RE: Trading update23 Jan 2020 18:36
no, i am certainly not laughing my socks off, more
just noting sadly that this company continues on a
poor trajectory from a retail pi perspective. [altho’
from a BoD perspective, maybe they are doing fine?
as they have increased spending on BoD members, in
a company that was already spending plenty on BoD
pay etc., given it has a very limited asset base and is
not actually the operator for the aje asset. plus, bear in
mind OO is not losing any of his money by a falling SP.]
meanwhile, the RNS didn’t really explain why that
“significant equipment upgrade” was needed, over
& above the routine maintenance work, & seems the
RNS attempts to attribute declining production to those
maintenance and upgrade issues, which dodges that
interesting point dan raises that fall in oil production may
just be more about those 2 wells gradually running down.

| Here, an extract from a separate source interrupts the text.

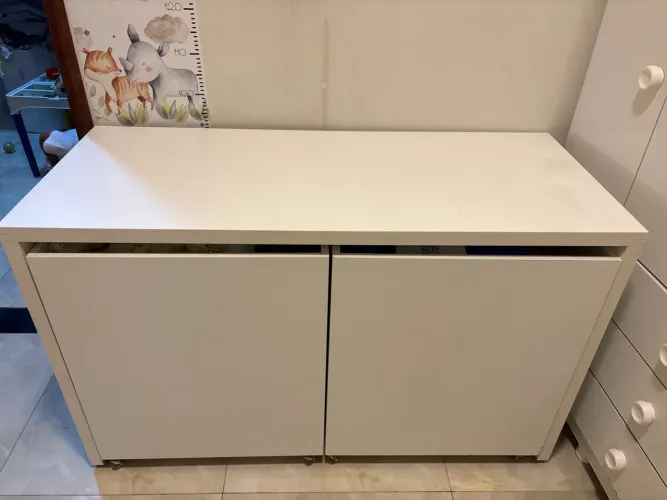 Bancada com baú para guardar brinquedos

so production is declining, but the BoD are paying themselves
more, and they no longer expect to be cash flow positive in
2020. when I’d last posted about their cash position, i had
estimated they would run out of cash by about Easter, just
because of their running cash burn for ‘admin’, even if they
did *not* spend anything at all on new assets or further aje
development (although they did then get in that final chunk
of placing cash which i had not expected). hard to know very
precisely when they will run out of cash given current update,
as they haven’t explained just how big that increase in spending
has been, but as a ballpark guesstimate maybe during march?
so i think they will run out of cash within maybe 6-8 weeks,
even with no deals and no progress on aje development.
but what they do have is permission already granted from
their shareholders to issue a huge number of new shares.
so they had better try to crack on with that relatively soon.